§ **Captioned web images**
* * *

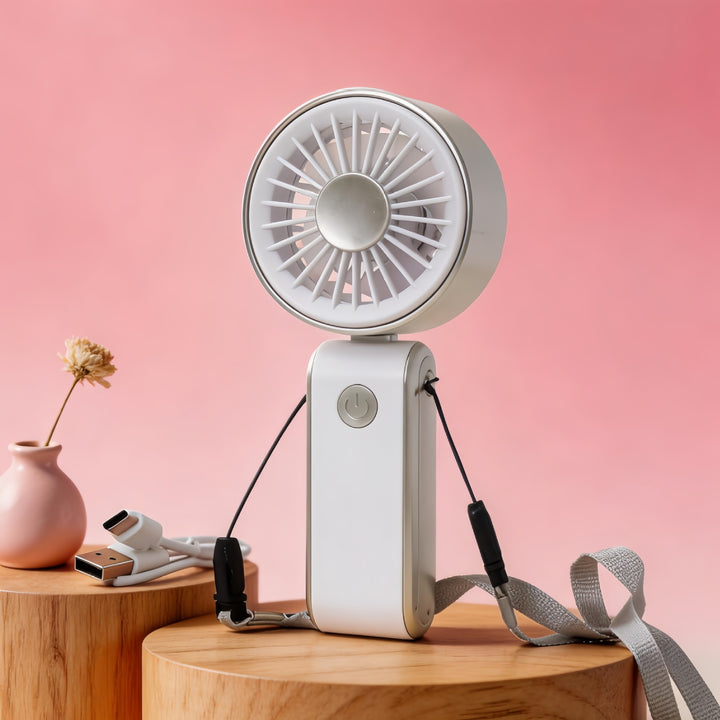 Women Portable Handheld Fan with Flexible Handle Bowlift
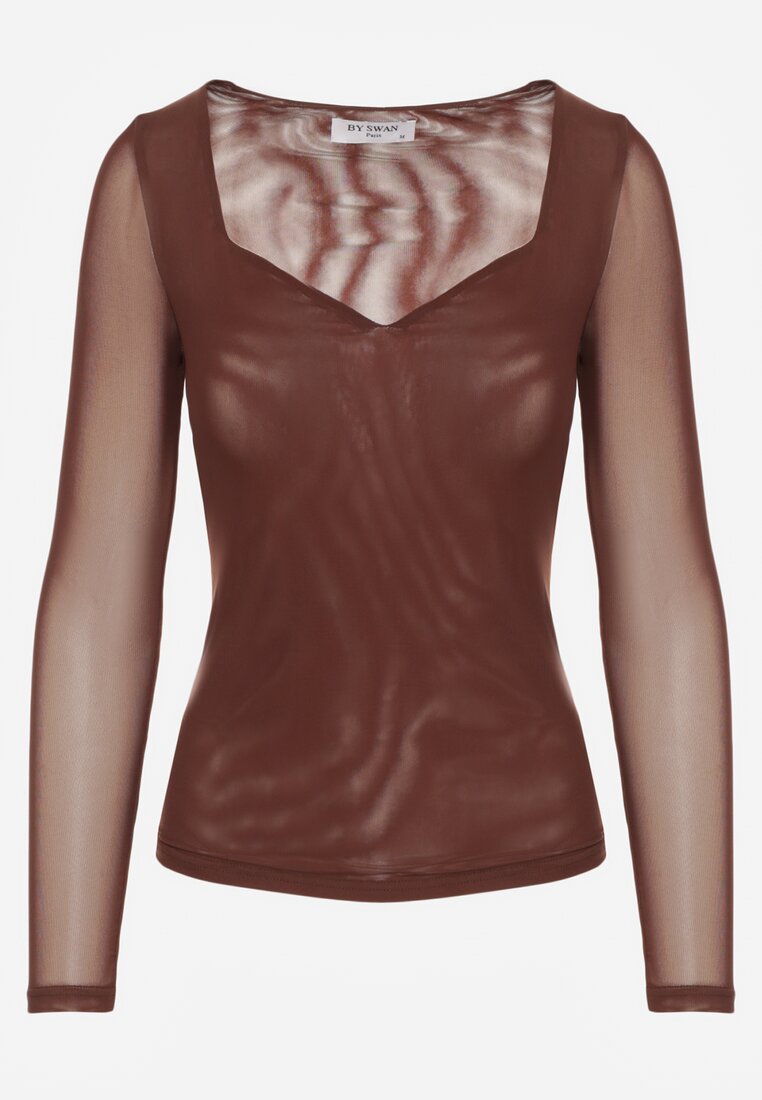 Brązowa Bluzka Longsleeve z Siateczki z Wiskozą z Dekoltem w Serce Elinevia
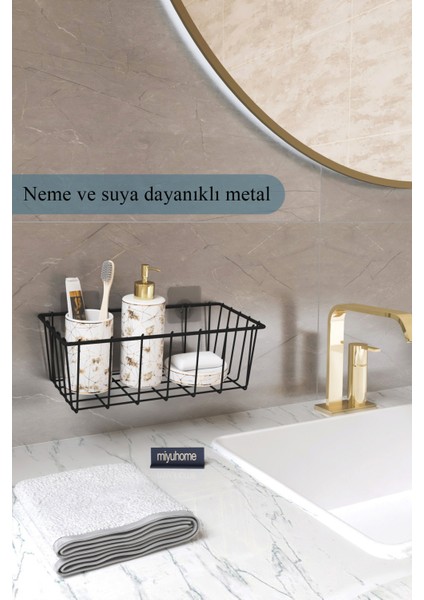 Asılabilir Yapışkanlı Sepet Mutfak Düzenleyici Banyo Rafı Çok Amaçlı Organizer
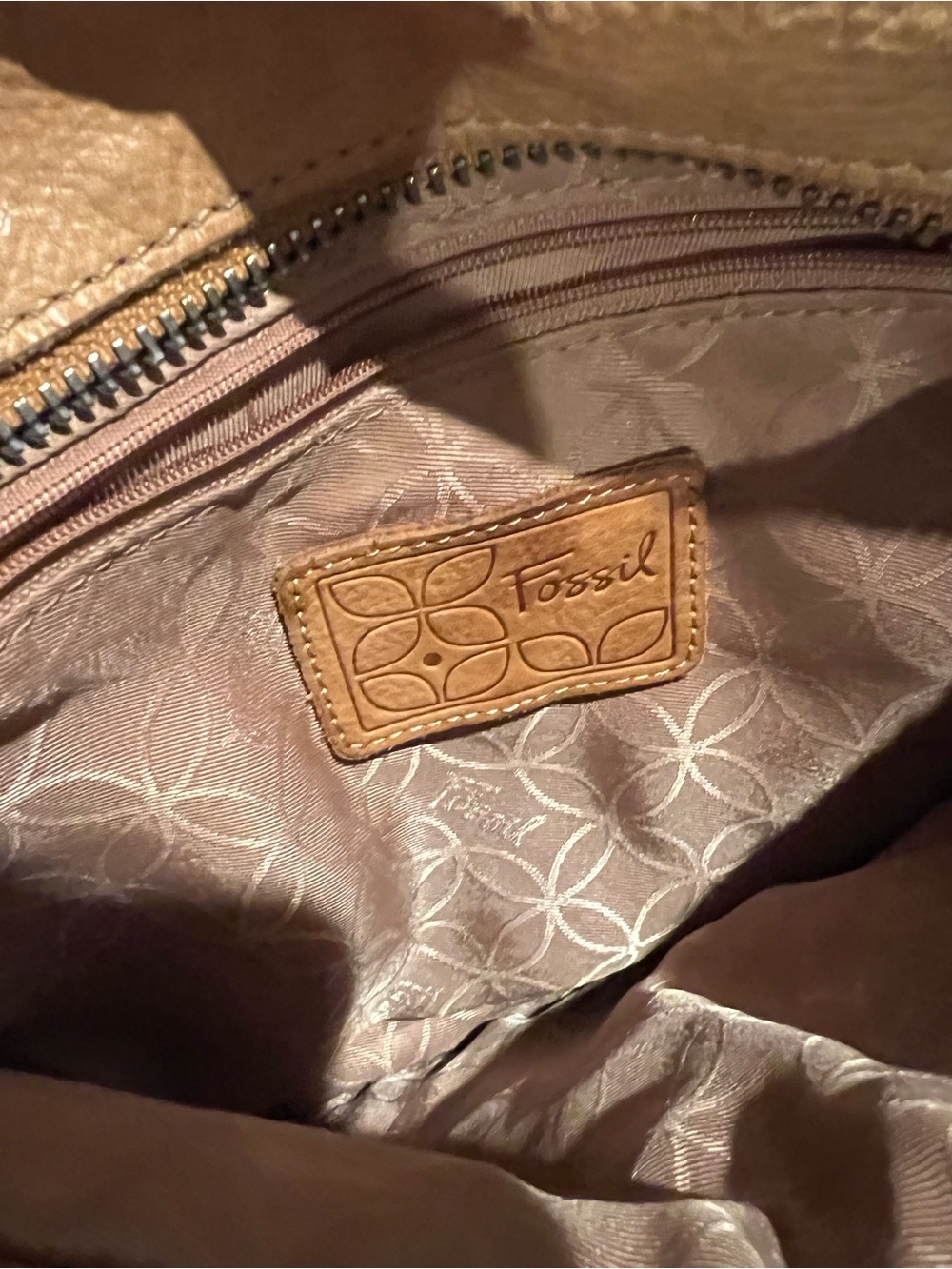 FOSSIL SUTTER REAL LEATHER TAN CROSSBODY SHOULDER MESSENGER ADJUSTABLE STRAP - Picture 5 of 6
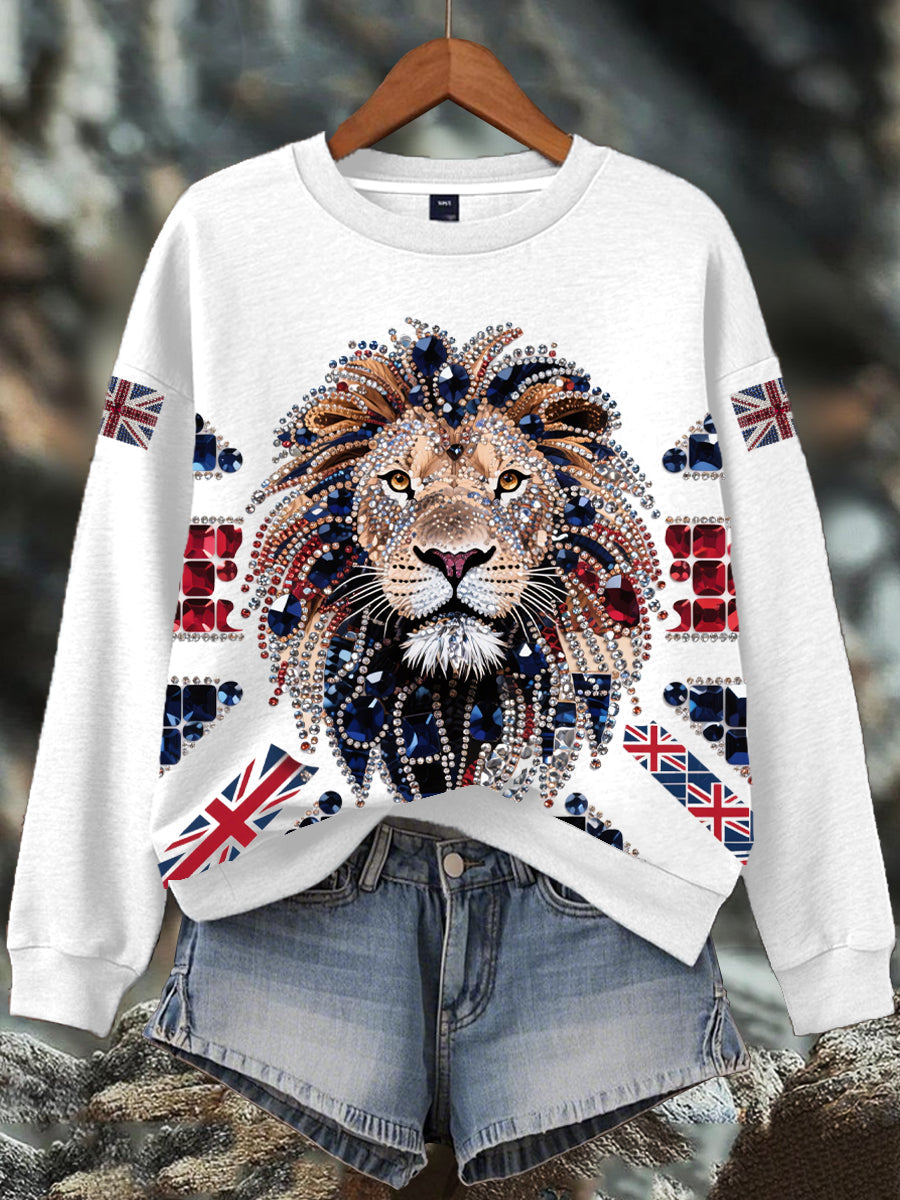 Women's British imitation diamond hot-drilling Print Sweatshirt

* * *

§ **Problem details**
Return all records exactly as they stand above, except for pictures.

§ **Answer space**
 Women Portable Handheld Fan with Flexible Handle Bowlift
 Brązowa Bluzka Longsleeve z Siateczki z Wiskozą z Dekoltem w Serce Elinevia
 Asılabilir Yapışkanlı Sepet Mutfak Düzenleyici Banyo Rafı Çok Amaçlı Organizer
 FOSSIL SUTTER REAL LEATHER TAN CROSSBODY SHOULDER MESSENGER ADJUSTABLE STRAP - Picture 5 of 6
 Women's British imitation diamond hot-drilling Print Sweatshirt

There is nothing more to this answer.